Payson avrebbe voluto dirle che più che un angioletto sulla spalla in quel momento era simile ad un riccio nelle scarpe, ma non le sembrò il caso. In fondo non era colpa di Catherine se era così nervosa.
“credo che tu abbia svolto il tuo ruolo, ora puoi anche andare” la liquidò desiderando ardentemente restare da sola. Catherine la guardò per qualche istante, poi le voltò le spalle e iniziò ad incamminarsi verso una strada silenziosa alla sua destra. Si fermò di colpo.
“Sasha dice che sei la persona più forte che lui conosca. Che sei generosa e altruista e che anche nei momenti bui riesci a portare agli altri un sorriso. Dice che ami quello che fai e fai ogni cosa solo perché ami farla. Dice che non ti arrendi mai, che hai il coraggio di affrontare qualunque cosa. Ci dice che sei una persona speciale perché non solo cerchi di essere perfetta nella tua ginnastica ma perché sei leale e onesta, silenziosa e obbediente. Che fai quello che è necessario fare. Dice che hai vinto l’oro perché hai trovato la poesia dentro di te. Dice che hai una determinazione incredibile e che non hai mai capito di essere bella e che proprio questa tua ingenuità ti rendeva speciale.” Tacque per un secondo, lasciando Payson con gli occhi sgranati, il cuore paralizzato.

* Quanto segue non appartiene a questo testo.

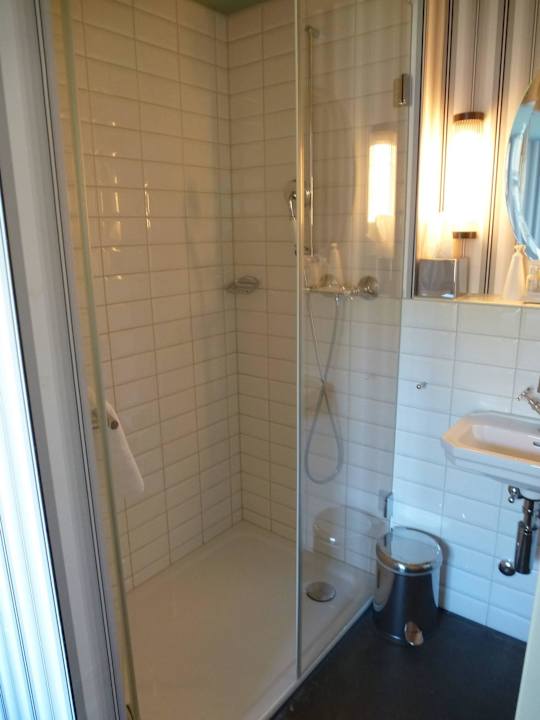 Großzügige Dusche Hotel Helvetia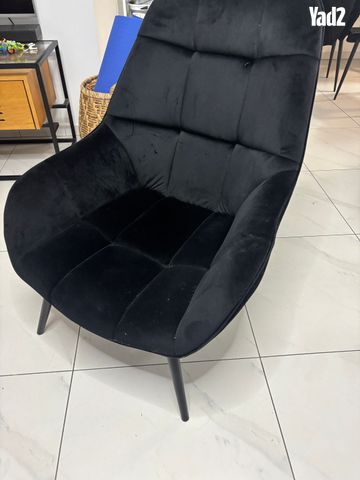 כורסא שחורה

“chi lo conosce, chi si ferma realmente ad ascoltarlo, sa che prima o poi, ogni giorno, sentirà il tuo nome. Tu ci sei sempre per noi, Payson.” Finì il suo discorso e Payson la vide sparire dietro l’angolo. Quel discorso l’aveva spiazzata. Terrorizzata. Sasha. Quanto tempo non lo vedeva? Dieci anni che non era bastati a cancellarle dalla mente gli attimi passati insieme. Perché lui era stato l’unico a credere in lei fino in fondo, a starle accanto anche quando gli altri avevano lasciato la speranza. Non era stato solo un allenatore, per Payson. Lui le aveva insegnato la vita. E non sarebbe stato fiero di vederla davanti a quella porta, indecisa, come se tutto quello che aveva affrontato, come se tutto quello che avevano affrontato insieme, non fosse mai successo.
Fece un respiro profondo, poi un passo avanti, incurante della pioggia che le martellava il viso. Rabbrividì, non soltanto per il freddo, mentre passo dopo passo, si avvicinava a quella porta. Poggiò una mano su quel portone freddo, cercando di trarre dal metallo immobile la forza per andare avanti. Poi spinse ed entrò.